The determination of the transaction price can be one of the more challenging steps in the accounting for risk contracts because of the impact of variable consideration. Capitation arrangements typically include two transaction price components. The first is a fixed, periodic fee that is paid on a per member, per month (PMPM) basis. In a risk arrangement that contains only a PMPM fee, the entity assumes all of the financial risk . In order to calibrate the level of financial risk each party is willing to bear and the compensation for that risk, many risk arrangements include a second, variable component that may either result in a surrender of a portion of the PMPM fee, or additional considerationbased on various contractually specified performance metrics. Providers should consider both components in determining the overall transaction price of the contract.
In addition, while a provider (or a group of providers) may enter into a primary risk contract with a payer, individual health care providers are likely not providing the totality of health care services to the population of patients covered under the primary risk contract. Therefore, an individual provider will need to separately evaluate and calculate how the total contract consideration from the payer will be split between the individual providers in the group.
Fixed component – capitation or PMPM fee
Payers typically make PMPM payments to providers in exchange for the provider agreeing to stand ready to provide services to the covered patients over the contract period. These fees are fixed and are made to the health care providers regardless of the volume of services provided.
Variable component – risk adjustments
Risk-based arrangements can contain a variety of mechanisms for adjusting the transaction price. The list below includes some common types, but these mechanisms may be referred to by various terms and may be combined in contracts.
- Risk corridors allow the parties to share in cost or savings beyond a certain threshold. For example, if claim costs exceed 105% of a target amount, the payer could be required to make additional payments to the provider. Conversely, if claim costs are less than a target amount (e.g., 95% or less than the target), the provider could be required to repay a portion of the PMPM amount.
- Withholds are a mechanism for the payer to withhold a portion of the PMPM amount until certain benchmarks or quality metrics are achieved.
- Shared savings/shared losses contracts are similar to risk corridors but the shared savings or losses may be based on non-financial metrics, such as improved quality. Shared savings/shared loss arrangements may also be used as an add-on to a traditional fee-for-service arrangement.
- Risk pools are a common term for the group of providers in a risk contract to share favorable and unfavorable financial results.
Payments for risk adjustments (often called settlements) may be calculated at various interim settlement dates throughout the contract term or at the end of a contract period. In either case, these settlement amounts would be applied to all of the services rendered under the contract (i.e., both retroactively to services previously provided and prospectively to services not yet rendered) to determine the ultimate transaction price for a given risk contract. This is similar to cost-based Medicare revenue, which is discussed in
HC 2.2.1.2. Because the ultimate transaction price will depend on the final settlement for a particular contract period, estimates of the settlement need to be made, and the transaction price and revenue adjusted each period for this variable consideration using either the expected value or most likely amount method (see
HC 3.3). The provider will also need to consider the constraint on the recognition of variable consideration in
ASC 606 (see
RR 4.3.2).
Two of the more significant challenges in estimating the ultimate transaction price from a risk contract are (1) significant timing mismatches between cash flows and revenue to be recognized and (2) the inability to timely access the data needed to make the estimate.
With respect to the mismatch between cash flow and revenues, consider, for example, a risk adjustment for high utilization or catastrophic cases. In this type of arrangement, the payer often withholds a portion of the agreed-upon capitation fees each month, effectively creating a “reserve” account.

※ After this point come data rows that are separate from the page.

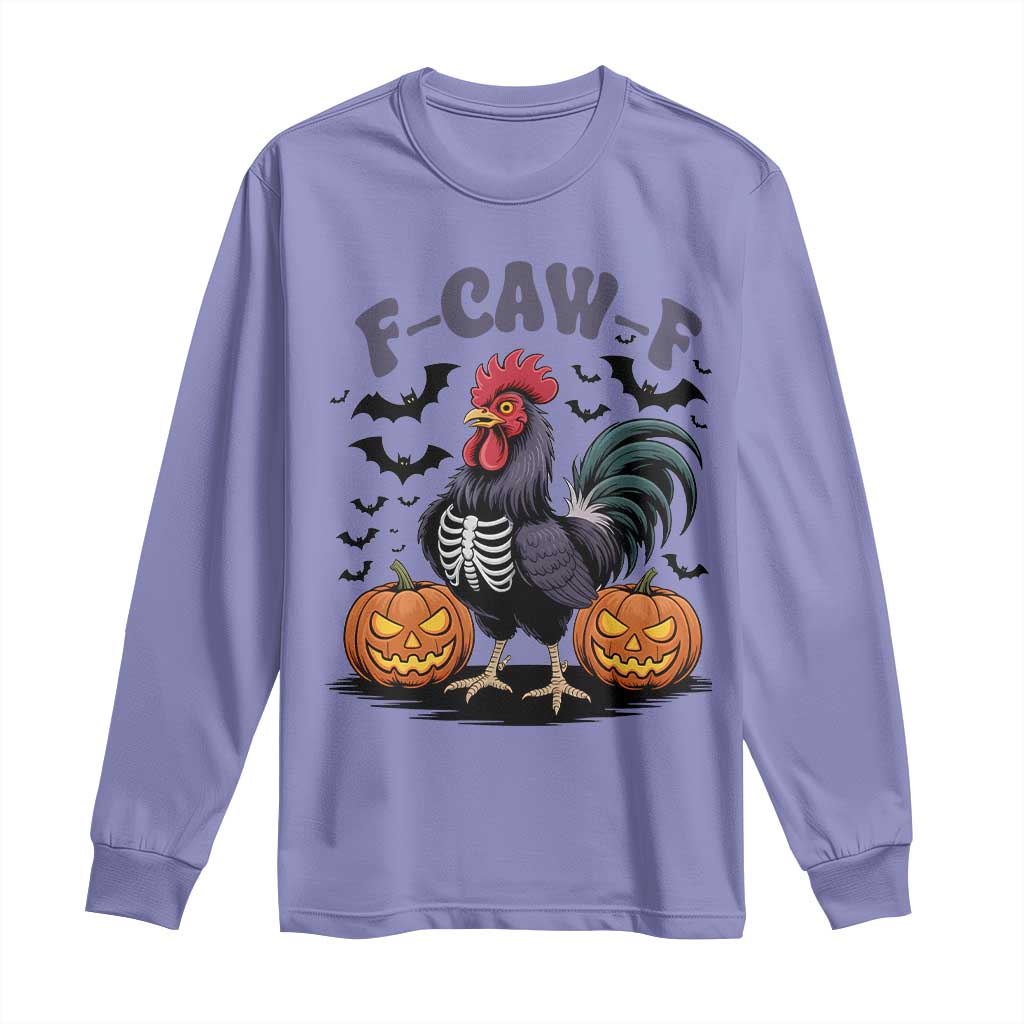 F Caw F Halloween Chicken Skeleton Long Sleeve Shirt Spooky Funny Rooster Meme TS02 Violet Print Your Wear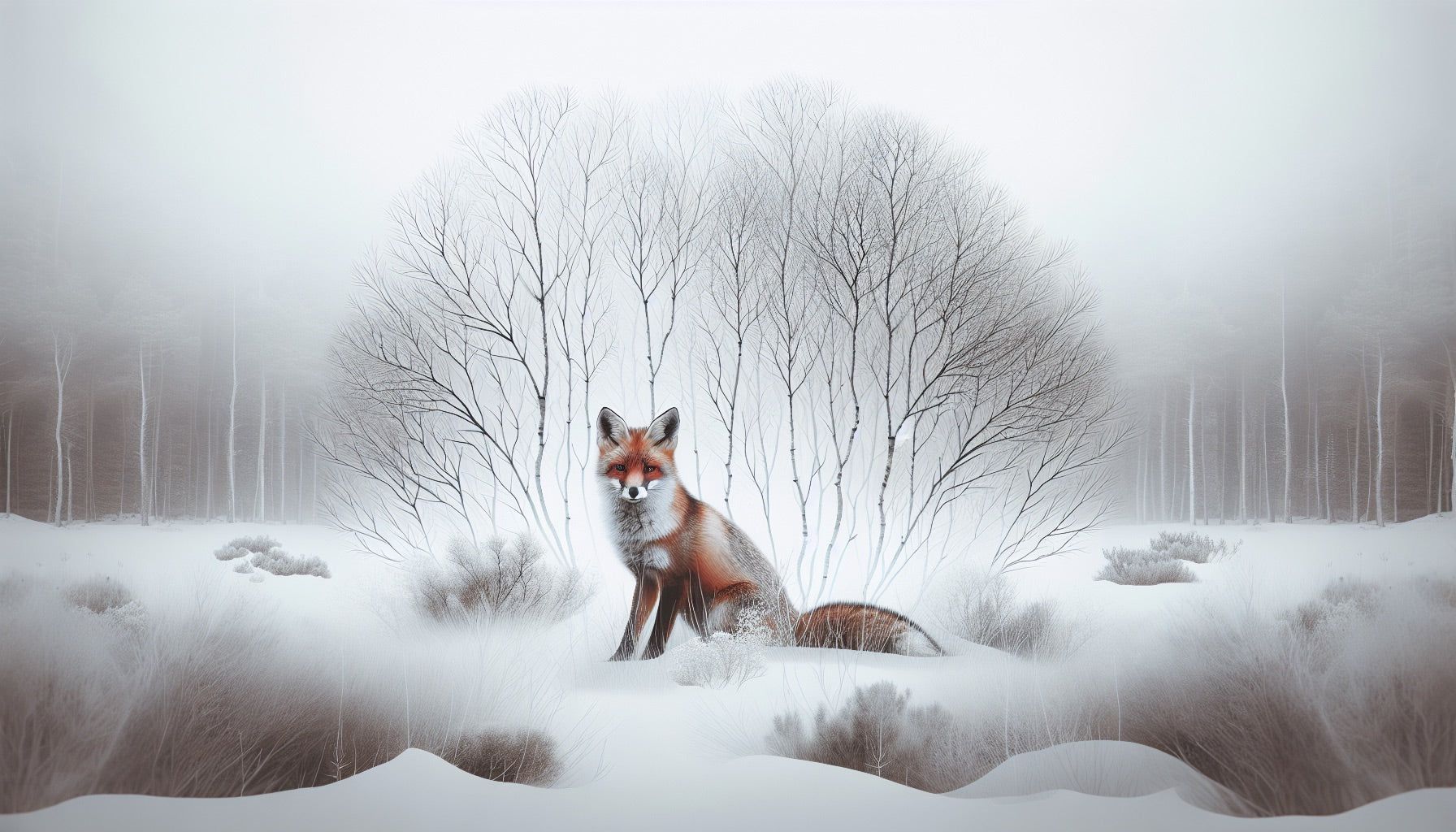 1792x1024 Fox Mural Wallpaper. Snowy Forest and Red Fox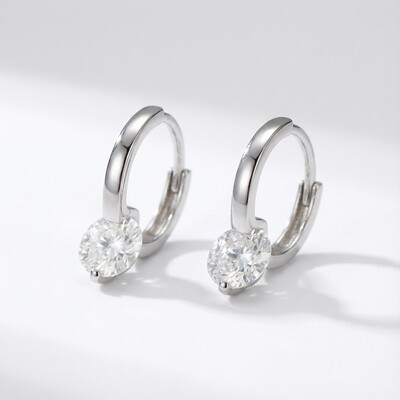 S925 Silver VVS Moissanite 1CT Round Cut Earrings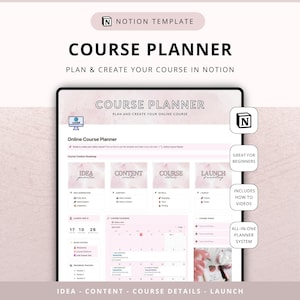 Notion Online Course Planner: sjabloon voor het maken van digitale producten (digitale download)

When the provider submits claims for payment for services that exceed a specified ceiling, the provider receives an additional payment (for the amount of the excess) from the reserve account. If the reserve account is exhausted, the payer must continue to pay the difference on such claims from its own funds. If funds remain in the reserve account at the end of the contract term, they are remitted to the provider. In this example, since the provider is entitled to the amounts remaining in the reserve account , the distribution is not additional revenue; rather, it represents payment of the originally agreed-upon transaction price (i.e., PMPM amount).
With respect to the inability to timely access data needed to estimate variable consideration, providers may not have timely access to all relevant claims data to definitively calculate the provider’s risk share. Settlements are typically calculated by comparing actual cost incurred throughout the duration of the contract to a pre-established benchmark; actual costs incurred are usually based on member claims data from multiple providers. In some instances, the payer is the only party with full access to the underlying claims data for the member population and only shares the information with individual providers on a periodic basis. Nevertheless, providers are required to estimate variable consideration and cannot simply default to fully constraining the estimate due to that lack of information. Providers should consider all available information, likely including historical performance for similar contracts or patient populations, to estimate risk settlements.